Sumpftour − Am nächsten Morgen fahren wir über Breaux Bridge zum Lake Martin, wo wir uns mit Bryan Champagne für eine Sumpftour verabredet haben. Doch wir warten vergeblich auf Bryan. Als es zu regnen beginnt, fahren wir zurück nach Breaux Bridge, wo wir in einem Laden das Telefon benutzen dürfen, um den Guide anzurufen. Bryan macht uns glauben, dass es bei der Terminvereinbarung ein Missverständnis gegeben hat. Vielleicht war der heutige Tag aber auch einfach perfekt, um zum Fischen hinauszufahren? Auf jeden Fall verspricht er nun, so rasch als möglich zum Lake Martin zu kommen. Die Tour kann also doch noch stattfinden. Nachdem wir mit der Ladenbesitzerin, welche uns das Telefon zur Verfügung stellte, noch ein paar Worte über ihre Schweizer Vorfahren gewechselt haben, fahren auch wir zurück zum Treffpunkt am See.

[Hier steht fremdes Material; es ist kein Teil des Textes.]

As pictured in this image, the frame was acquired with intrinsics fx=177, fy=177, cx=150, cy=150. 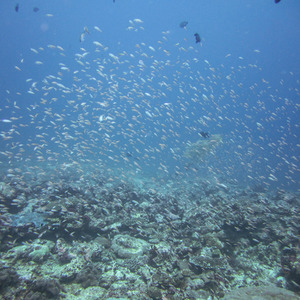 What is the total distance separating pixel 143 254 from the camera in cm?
621

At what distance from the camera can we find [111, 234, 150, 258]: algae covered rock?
20.2 ft

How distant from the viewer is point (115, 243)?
662 centimetres

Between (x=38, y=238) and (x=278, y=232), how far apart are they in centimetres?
917

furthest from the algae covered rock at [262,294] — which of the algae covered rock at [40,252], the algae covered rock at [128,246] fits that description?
the algae covered rock at [40,252]

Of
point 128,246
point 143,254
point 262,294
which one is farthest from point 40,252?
point 262,294

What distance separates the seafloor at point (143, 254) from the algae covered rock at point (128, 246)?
0.03 m

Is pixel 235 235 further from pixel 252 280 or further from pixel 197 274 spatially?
pixel 197 274

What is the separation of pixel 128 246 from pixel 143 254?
650 millimetres

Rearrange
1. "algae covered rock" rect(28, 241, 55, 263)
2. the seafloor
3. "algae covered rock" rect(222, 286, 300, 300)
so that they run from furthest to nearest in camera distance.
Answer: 1. "algae covered rock" rect(28, 241, 55, 263)
2. the seafloor
3. "algae covered rock" rect(222, 286, 300, 300)

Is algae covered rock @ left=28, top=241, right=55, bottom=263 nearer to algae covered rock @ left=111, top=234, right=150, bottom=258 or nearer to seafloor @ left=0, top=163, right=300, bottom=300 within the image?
seafloor @ left=0, top=163, right=300, bottom=300

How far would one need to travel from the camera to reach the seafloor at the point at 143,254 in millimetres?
4504

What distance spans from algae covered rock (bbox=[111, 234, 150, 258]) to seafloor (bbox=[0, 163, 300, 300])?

In einem kleinen Fischerboot fährt uns Bryan in den Atchafalaya Basin Swamp. Der flache Rumpf des Bootes erlaubt es uns, auch in sehr seichtem Wasser vorwärts zu kommen und tief in den Sumpf vorzudringen. Schon bald befinden wir uns inmitten eines überfluteten Waldes. Die mit grauem spanischen Moos bewachsenen Zypressen bilden einen schönen Kontrast zu der mit grüner Vegetation bedeckten Wasseroberfläche. An einigen Stellen führen breite «Wasserstrassen» zwischen den Bäumen hindurch. An anderen muss sich das Boot durch die dichte Vegetation kämpfen. Einmal bleiben wir mit dem Motor in den Wasserpflanzen hängen. Bryan lässt sich dadurch nicht aus der Ruhe bringen. Er, der an diesen Bayous aufgewachsen ist, kennt den Sumpf und seine Tücken in- und auswendig. Immer wieder macht er uns auf die vielfältige Flora und Fauna aufmerksam. Wir sichten zwei Alligatoren, eine Schildkröte, eine Schlange, eine Biberratte (Nutria) und mehrere Silberreiher.

 

Cajun − Bryan erzählt uns auch vom Leben an den Bayous. Von der Alligatorenjagd und der «Ernte» von spanischem Moos, welches zum Teil als Füll- und Stopfmaterial Verwendung findet. Ein grosser Teil der hiesigen Bewohner gehört den Cajuns (franz. Cadiens) an. Um mehr über die Geschichte und Lebensweise dieser ethnischen Minderheit zu erfahren, empfiehlt uns Bryan, selbst ein Cajun, dem Acadian Cultural Center in Lafayette einen Besuch abzustatten. Diesem Tipp folgen wir gerne und besuchen am Nachmittag das besagte Zentrum, welches eines von sechs Standorten des Jean Lafitte National Historical Park and Preserve darstellt.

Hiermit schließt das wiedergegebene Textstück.